The late admission to the WorldTour of Swiss outfit IAM Cycling has promoted a 15th Colombian into the big league of cycling.
Jarlinson Pantano, 26, made his move from Team Colombia and added one more name to the diaspora that includes Carlos Betancur (AG2R-La Mondiale), Miguel Angel Lopez (Astana), Darwin Atapuma (BMC), Rigoberto Uran (Etixx-Quick Step), José Serpa (Lampre-Merida), the Quintana brothers and Winner Anacona (Movistar), Esteban Chaves (Orica-GreenEdge), Janier Acevedo (Cannondale-Garmin), Sergio and Sebastian Henao (Sky), Edward Beltran (Tinkoff-Saxo) and Julian Arredondo (Trek).
Only five World Teams, namely FDJ, Lotto-Soudal, LottoNL, Giant-Alpecin and Katusha don’t have a Colombian on board.
“Everyone knows that Colombian cycling has a lot of talents,” Pantano told Cyclingnews on the start line of stage 2 of the Santos Tour Down Under in Unley.
According to coaches, including Michel Thèze and Sébastien Duclos, who nurtured him at the UCI cycling center the same year as Chris Froome (2007), the Cali native is one of the biggest talents.
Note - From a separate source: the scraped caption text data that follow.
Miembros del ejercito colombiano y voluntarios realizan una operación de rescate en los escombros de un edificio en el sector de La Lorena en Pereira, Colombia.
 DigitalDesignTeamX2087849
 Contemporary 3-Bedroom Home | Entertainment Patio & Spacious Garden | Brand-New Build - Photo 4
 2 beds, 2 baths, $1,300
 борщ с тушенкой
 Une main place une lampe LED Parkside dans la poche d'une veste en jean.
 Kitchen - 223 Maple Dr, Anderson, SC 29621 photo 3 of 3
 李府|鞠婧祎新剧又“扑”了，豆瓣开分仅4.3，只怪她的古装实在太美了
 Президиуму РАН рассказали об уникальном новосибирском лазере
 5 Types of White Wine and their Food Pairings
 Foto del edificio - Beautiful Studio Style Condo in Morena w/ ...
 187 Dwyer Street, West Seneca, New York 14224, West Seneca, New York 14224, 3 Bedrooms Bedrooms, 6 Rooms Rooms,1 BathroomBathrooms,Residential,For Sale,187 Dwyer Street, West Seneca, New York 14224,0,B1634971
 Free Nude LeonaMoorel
He finished third overall in the 2010 Tour de l’Avenir that made his teammate Quintana a huge cycling prospect (Andrew Talansky was second). Having raced for Colombian teams only at Colombia ès Pasion and Team Colombia, he’s expected by many to step up this year after moving to an international organization.
“IAM Cycling wasn’t a World team yet when I signed but it was already a team participating to most of the biggest races in the world,” Pantano said. “They did the Tour de France and the Vuelta last year. Now I have the opportunity to take part in all the biggest races in the world.
“I’ve been recruited for doing a big work for our captain, Mathias Frank, in the mountains. I’m scheduled for racing the Volta Catalunya, Flèche wallonne and Liège-Bastogne-Liège, the Dauphiné and the Tour de France if there’s any possibility. I love the route this year with a lot of uphill finishes.”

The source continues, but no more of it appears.